Refined theoretical framework for SMC performance on math reasoning benchmarks

Develop a refined theoretical framework that explains and predicts the performance of Sequential Monte Carlo on mathematical reasoning benchmarks (e.g., AIME and MATH500), especially in regimes where larger divergence between the induced intermediate distributions and the true value function correlates with higher empirical accuracy, beyond what is captured by total-variation-based sampling guarantees.

Background

Empirical results show that SMC often uniformly improves over Best-of-N on math benchmarks. However, the measured divergences between the intermediate target distributions induced by the process reward model and the true distributions do not consistently correlate with performance; in some cases, larger divergence yields better accuracy.
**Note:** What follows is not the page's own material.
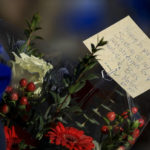
              Carol Smith carries flowers for the display set-up for Buffalo Bills' Damar Hamlin outside of University of Cincinnati Medical Center, Wednesday, Jan. 4, 2023, in Cincinnati. Hamlin was taken to the hospital after collapsing on the field during the Bill's NFL football game against the Cincinnati Bengals on Monday night. (AP Photo/Aaron Doster)
            
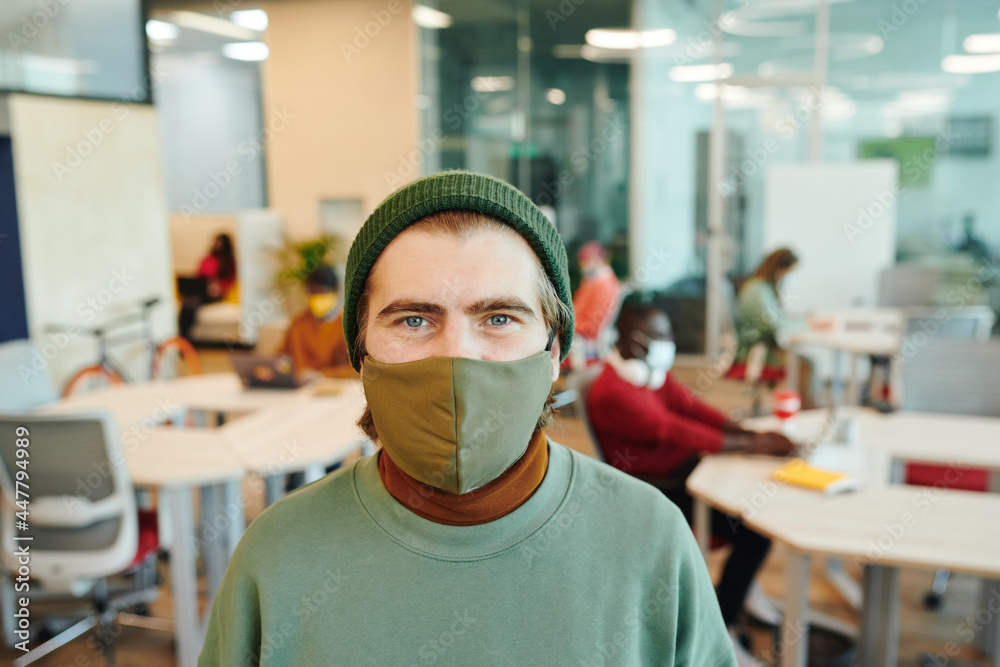 Wall mural bearded male office manager with bicycle looking at you while standing by desk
This suggests that total-variation-style sampling error does not fully capture task utility in these settings. The authors therefore pose the need for a more nuanced theoretical framework tailored to such benchmarks.

References

We leave as an intriguing open question the development of a more refined framework that captures performance on such benchmarks.

Reject, Resample, Repeat: Understanding Parallel Reasoning in Language Model Inference  (2603.07887 - Golowich et al., 9 Mar 2026) in Section 1, Subsection "Empirical Contributions: Does the Theory Predict the Performance of SMC in LLMs?"